VI.3 QK Similarity Manifold
Formula: QK = W_Q · W_Kᵀ. Eigendecompose the symmetric part (QK + QKᵀ)/2. Positive eigenvalues = attraction directions. Negative eigenvalues = repulsion directions.
Process: Compute per-layer. Track positive/negative balance and stable rank.
| Layer (Encoder) | Stable Rank | Positive Eig | Negative Eig | Symmetry Dev |
|---|---|---|---|---|
| 0 | 39.5 | 315 | 197 | 0.993 |
| 2 | 10.1 | 269 | 243 | 1.217 |
| 5 | 5.35 | 274 | 238 | 1.252 |
Finding: Similarity function narrows through depth (stable rank 39→5). Negative eigenvalue count increases — deeper layers define more anti-similarity boundaries.
VI.4 MLP Dead Neurons
Formula: Combined importance = ‖wᵢ_up‖₂ · ‖wᵢ_down‖₂. Dead if < 1% of mean.
Finding: Zero dead neurons across all layers, both encoder and decoder, at both Small and Base scale. T5 is parameter-starved — every neuron earns its keep.
VI.5 Position Bias Topology
Process: T5 uses learned relative position biases: [32 buckets, N heads]. Measure per-head: monotonicity, distance correlation, peak bucket.
Encoder (T5-Small): 3 local heads (peak 0-1, negative dist_corr), 2 global heads (peak 17-18, positive dist_corr), 3 mixed.
Decoder (T5-Small): 4 far-looking heads (peak 31, values up to +48), 4 local heads (peak 0-1, values down to -34.5). Extreme magnitude asymmetry — far-looking heads are 10× stronger.
Finding: This local/global split emerges identically across T5-Small, T5-Base. It's an architectural invariant.
VII. Geometric Residual Modulator
VII.1 Architecture
- Geometric embedding: [vocab_size, 64] — per-token geometric fingerprint
- Projection: Linear(64, d_model, bias=False) — Procrustes-aligned to encoder PCA space
- Alpha: per-layer learnable LERP coefficient, stored in logit space, applied via sigmoid
- Intervention: residual_out = (1 − α) · residual + α · proj(geo_embed(token_ids))
- Params: 2.09M (3.45% of T5-Small)
VII.2 Geometric Embedding Initialization
Process:
- Build 3000×3000 Wu-Palmer similarity matrix from WordNet anchors (~6 min)
- Eigendecompose → top 64 eigenvectors scaled by √eigenvalue → 64-d embeddings
- Project remaining tokens via GPU embedding cosine proxy (10-NN, softmax-weighted, <1 sec)

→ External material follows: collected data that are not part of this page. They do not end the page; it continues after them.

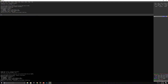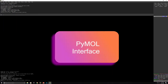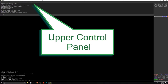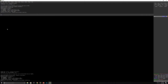Right now what you're seeing on your computer screen is the interface of the PyMOL software. At the top we have the upper control panel, which has a lot of options including File, Edit, Build, Movie, Display, and Setting — all with various sub-tabs we can use to make publication quality figures.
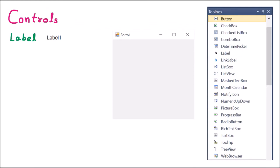We are learning about controls. There is a toolbox available in .NET, and from this toolbox there are various items available — just like button, checkbox, and combo box. All these items which are available in the toolbox are called controls.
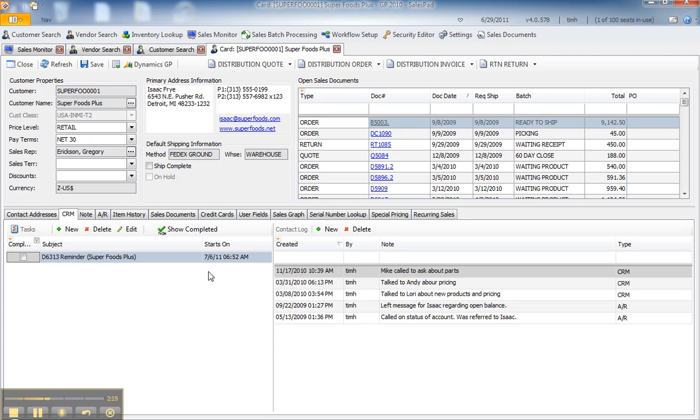One side note is that with our SalesPad Outlook add-in, we can actually have these tasks pushed to a SalesPad user's Outlook calendar, where they can get a reminder. Otherwise, these tasks are visible through SalesPad Today, which is a calendaring system built into SalesPad.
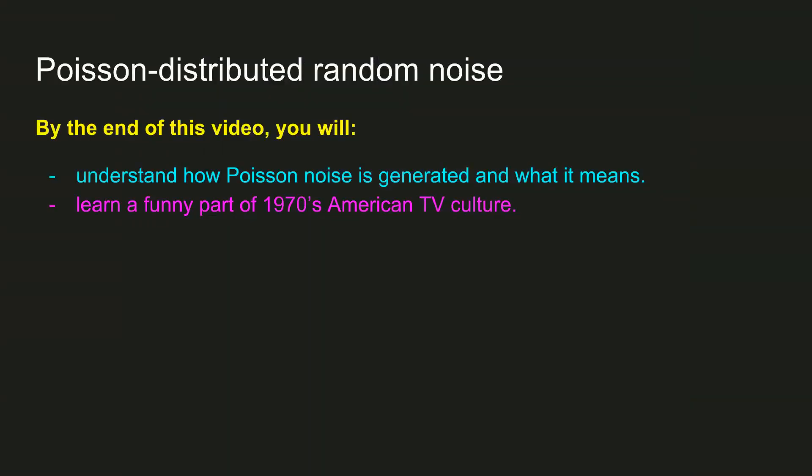In this video, I'm going to teach you about generating Poisson noise. I'd like to introduce Poisson processes with an analogy.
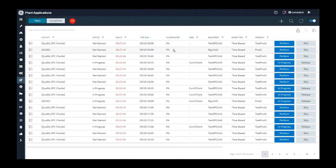This is how plant application helps you not to miss any mandatory checks while you perform an activity. Thank you for watching this video.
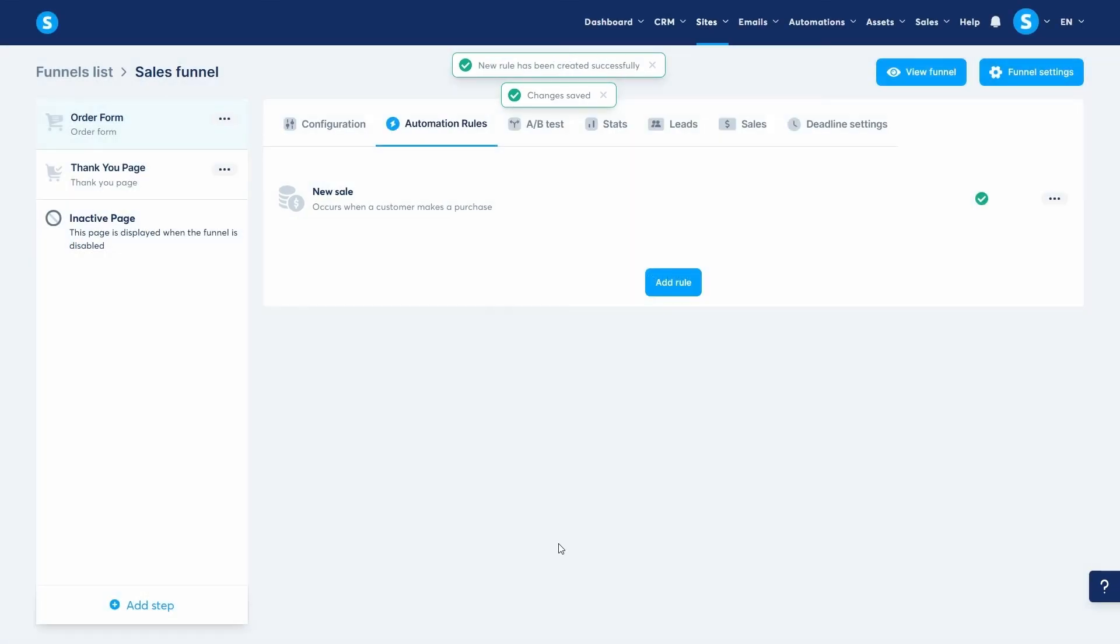And just like that, and within a few minutes, our sales funnel is now set and ready to sell. In the next video, I'll show you how you can send and manage emails with system.io. See you guys soon!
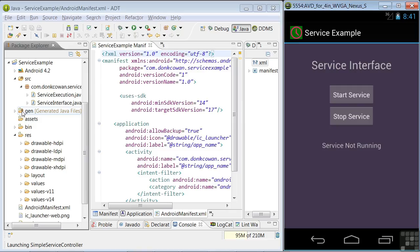We'll use a sample app to demonstrate a service. The app is included in the working file samples workspace. I suggest you watch this lesson first, then open the app yourself and run it in the emulator as I'm showing here. We'll be studying the code in a separate lesson. The name of the app, as you can see here, is Service Example.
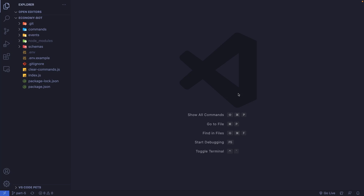In today's video, I'll be showing you how to create a gamble command for your economy Discord bot. If you're new around here, this is a series where we create an economy Discord bot from scratch. So if you missed out the first few videos, I'll have the full playlist linked down below.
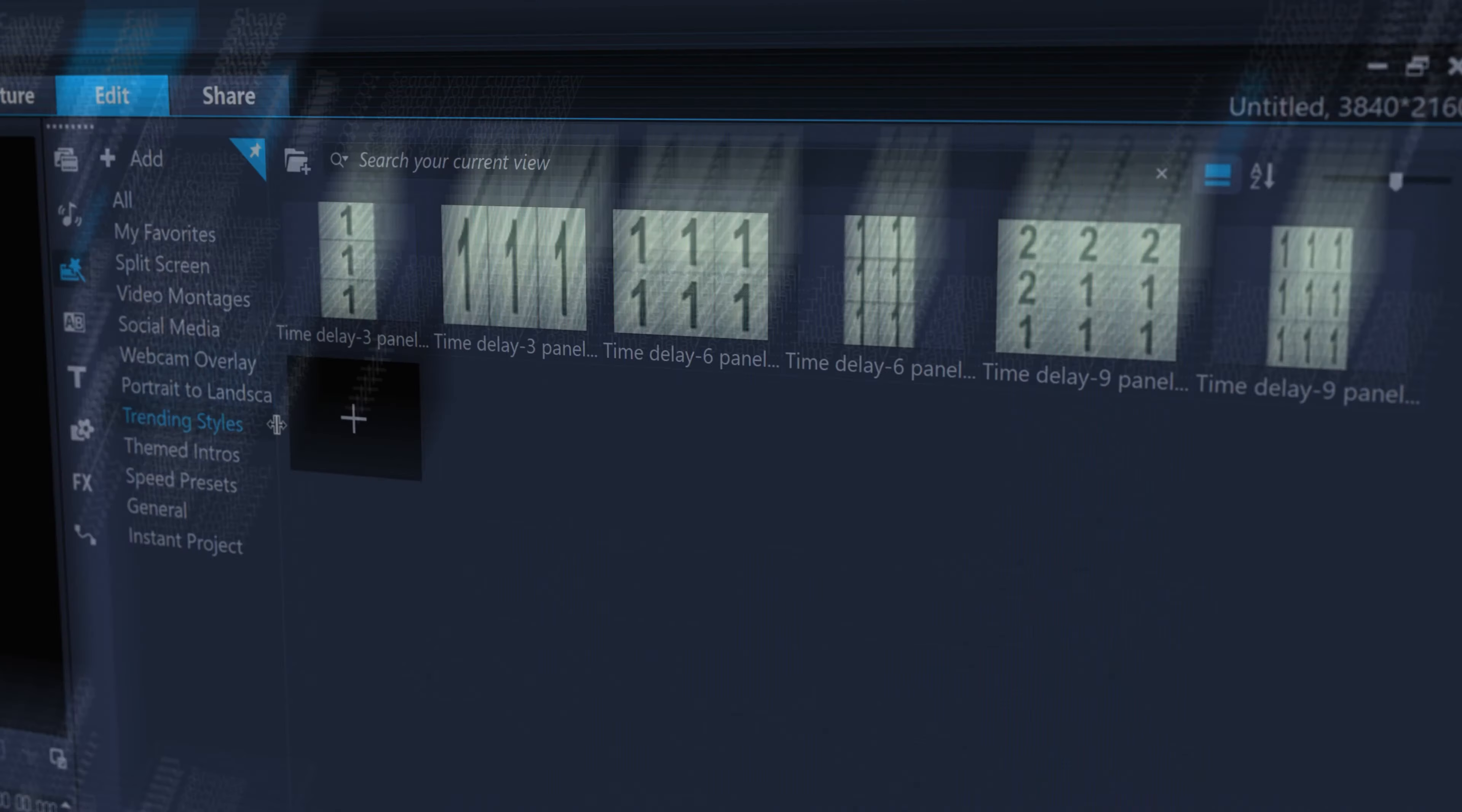Check out trending styles templates for easy and popular video time delay effects.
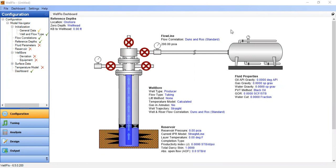Hello everyone, welcome again to the Engman YouTube channel. In this video we will learn how to design artificial lift, which is electrical submersible pump, and how to create nodal analysis from a well equipped with ESP. But first we will model a well that is unable to flow and hence needs ESP to make it able to flow.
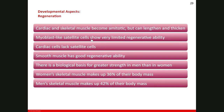There is a biological basis for greater muscle strength in men than in women. Women's skeletal muscle makes up about 36 percent of their body mass, while in men it is about 42 percent of their body mass. And this is the end of the muscle chapter.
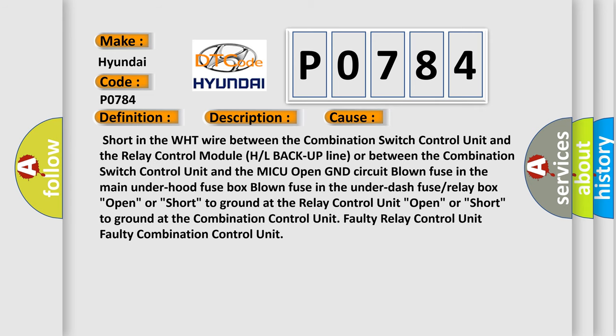Short in the WHT wire between the combination switch control unit and the relay control module HRL backup line, or between the combination switch control unit and the MICU open GND circuit, blown fuse in the main under hood fuse box.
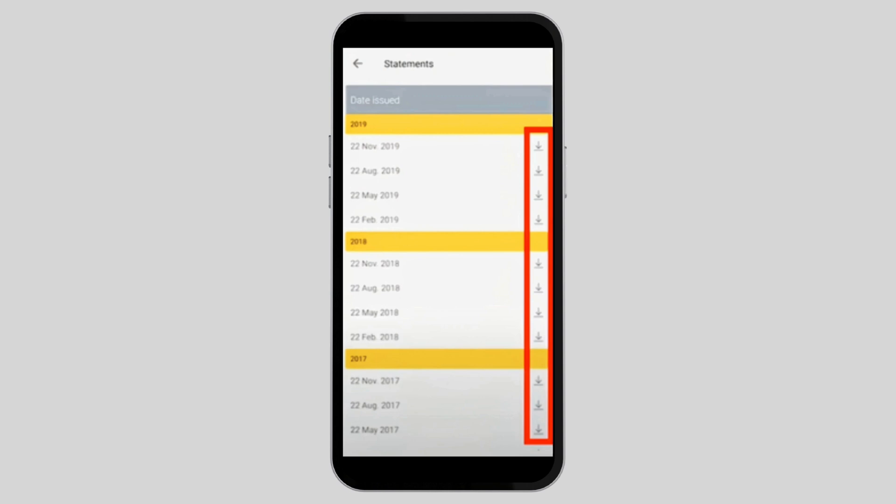You can just go ahead and browse through this list. Now, if you want to download one of the statements of your bank transactions, you will have to find the year and the date of the statement. Then simply at the side you will see this download icon to proceed to the next step.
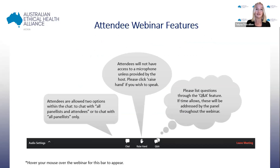Good evening everyone. My name is Talissa and I'm the project officer here at the Australian Ethical Health Alliance. Before the symposium commences I'm going to spend a few moments running you through how you can participate in this webinar as an attendee. The first thing you will notice is that you do not have access to your microphone or camera. This is a deliberate feature of a Zoom webinar.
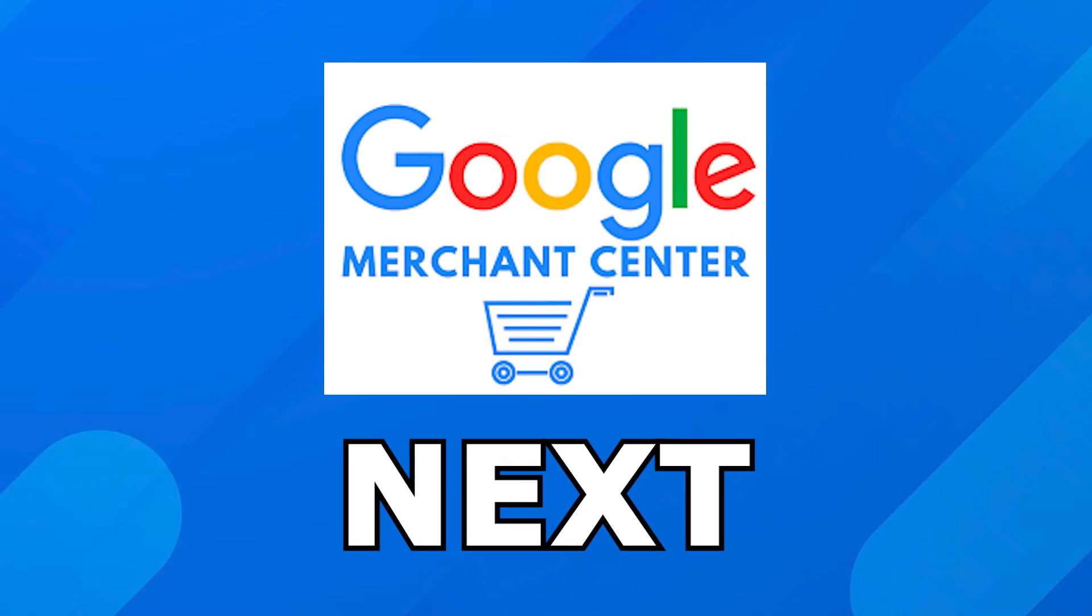Google Merchant Center Next is the next iteration of Google Merchant Center. Google Merchant Center is a tool that you need if you're an e-commerce website, you're selling products through your website, and you want to leverage Google Shopping. You have to send your data over to Google Ads for those Google Shopping campaigns through Google Merchant Center, which is now called Google Merchant Center Next.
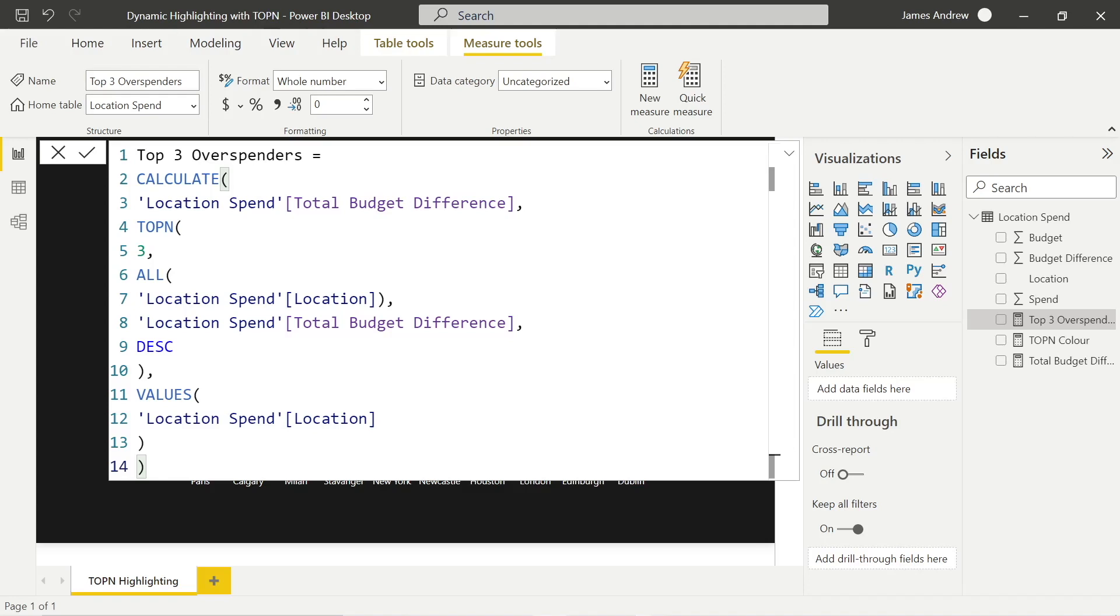And then we can take the values by location. So really logical flow, nested calculate function allows us to change the filter context and get those top three offenders. That's going to help us dynamically highlight those and really help people make data-driven decisions in an instant, as we like to say.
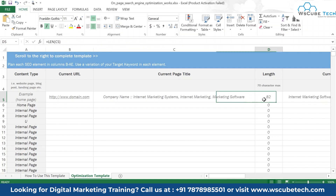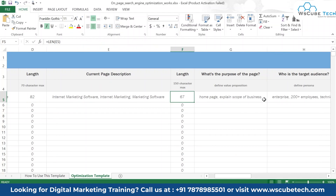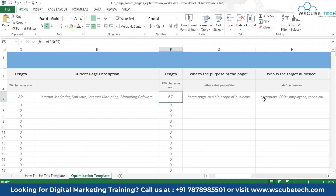Next is the current page description, which is the page description currently available on your website. This also shows the length of your page description — the maximum recommended length is 150 characters. For example, if the current page description length is 67, it means you need to add more content to it.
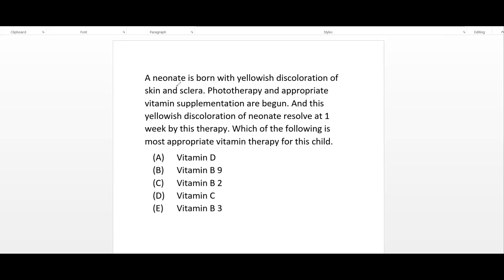Let's begin with the clinical vignette. A neonate is born with a yellowish discoloration of the skin and sclera. Phototherapy and appropriate vitamin supplementation are begun and this yellowish discoloration of the neonate is resolved at one to two weeks by this therapy. Which of the following is the most appropriate vitamin therapy for this child?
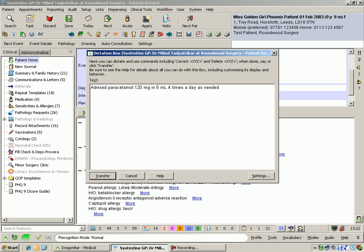Advised regarding hydration. Review in 48 hours if no improvement.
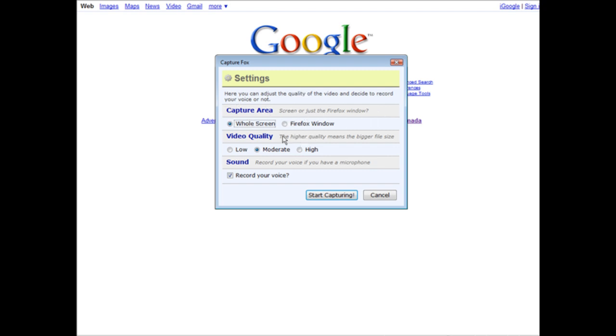You can have your capture area as the whole screen or just the current Firefox window. So we're going to set this to Firefox window. Of course you can do that any way you want.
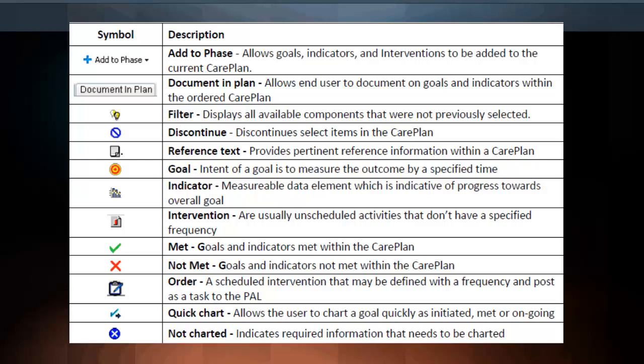Reference Text provides pertinent reference information within a care plan. Goal: the intent of a goal is measured to the outcome by a specified time. Indicator measures data elements indicative of progress towards an overall goal. An intervention consists of usually unscheduled activities that do not have a specified frequency. Met: goals and indicators that are met within the care plan. Not Met: goals and indicators not met within the care plan. Order: a scheduled intervention that may be defined with a frequency and post as a task to the Care Compass or Patient Access List, depending upon your access in Discerner.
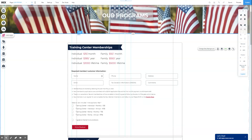Hi there, this is Todd at Biz Ladder. In this short video, we're going to talk about payment forms inside of Wix.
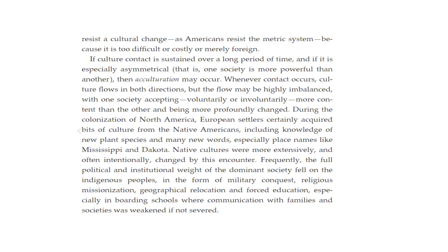At the same time, people might resist cultural change — as Americans resisted the metric system because it was too difficult, too costly, or merely foreign. I remember when they tried to institute the metric system in the U.S. For myself it was too difficult: 10, 10, 10, 100 — whatever. It was dropped. They said this is the way Europe does it and it's better, but it never got instituted. I was very happy with three feet to a yard and 12 inches to a foot.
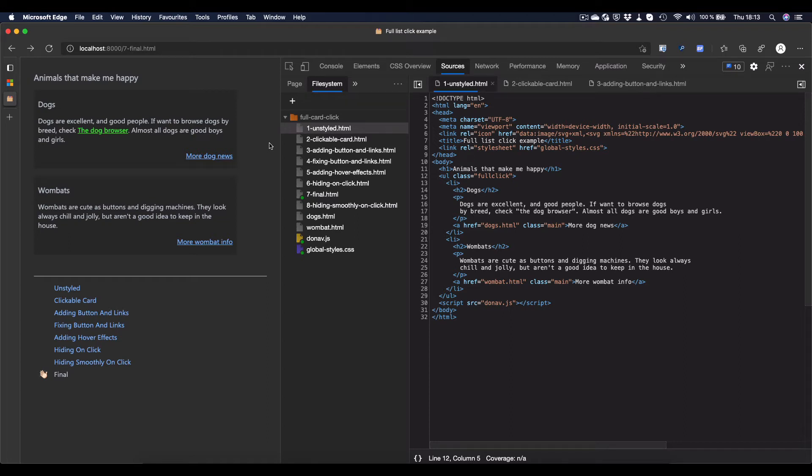Hello there, I'm Chris Heilman, and today I want to show you how to create clickable cards in HTML, CSS, and a tiny bit of JavaScript.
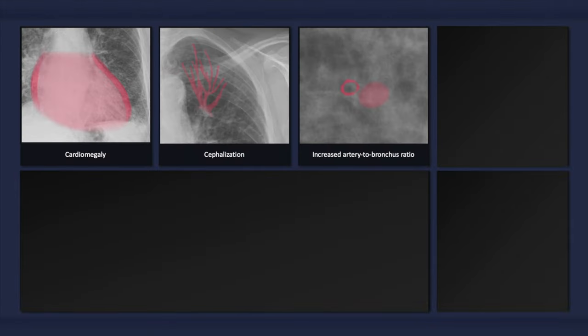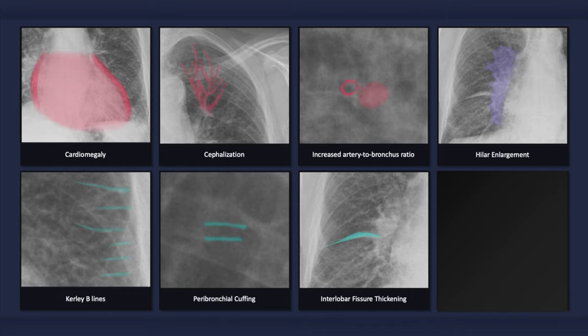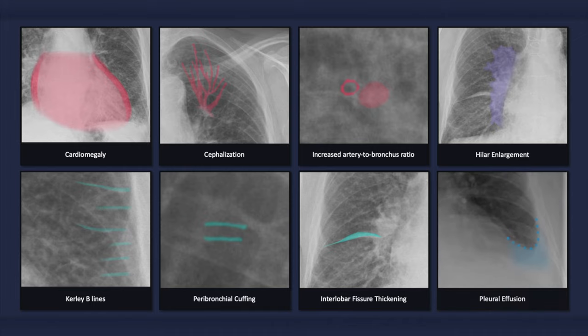The plain radiographic findings that can occur with congestive heart failure include cardiomegaly; signs of vascular redistribution, such as cephalization and increased artery-to-bronchus ratio in superior segments; signs of pulmonary vascular congestion, such as hilar enlargement and a widened vascular pedicle; signs of pulmonary interstitial edema, such as Kerley B-lines, peribronchial cuffing, and interlobar fissure thickening; pleural effusions; and in more severe cases, alveolar edema.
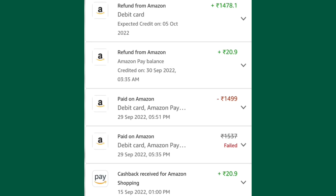This was way easier before but now it's more complicated, but in here you will be able to see the date when it was credited and your Amazon Pay Balance. That's just how it works, and that's how to check Amazon Cancelled Orders Refund Status.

- Procrustes align projection matrix to encoder PCA space
| Metric | Value |
|---|---|
| WN reconstruction correlation | 0.921 |
| Procrustes alignment cosine | 0.372 |
| Eigenvalue cumulative (top 64) | 61.3% |
VII.3 Alpha Convergence
Process: Freeze T5, train only modulator (geometric embed + projection + alpha). Task: summarize definition → lemma word. Track alpha per layer.
| Start α | Final Mean α | Layer 5 Final | Pearson Δ | CV | Coherent | Basin |
|---|---|---|---|---|---|---|
| 0.01 (20 ep) | 0.067 | 0.107 | +0.151 | 0.220 | Yes | Binding |
| 0.20 (20 ep) | 0.222 | 0.308 | +0.085 | 0.452 | No | Ridge |
| 0.70 (20 ep) | 0.695 | 0.640 | -0.029 | 0.482 | No | Separation |
| 0.01 (100 ep) | 0.125 | 0.218 | +0.074 | 0.322 | No | Overfit |
Finding: Two stable attractor basins exist — binding (0.07) and separation (0.70). The binding basin produces functional results. Starting at 0.01 with early stopping (20 epochs) is optimal.
VII.4 Depth Gradient (Consistent Across All Runs)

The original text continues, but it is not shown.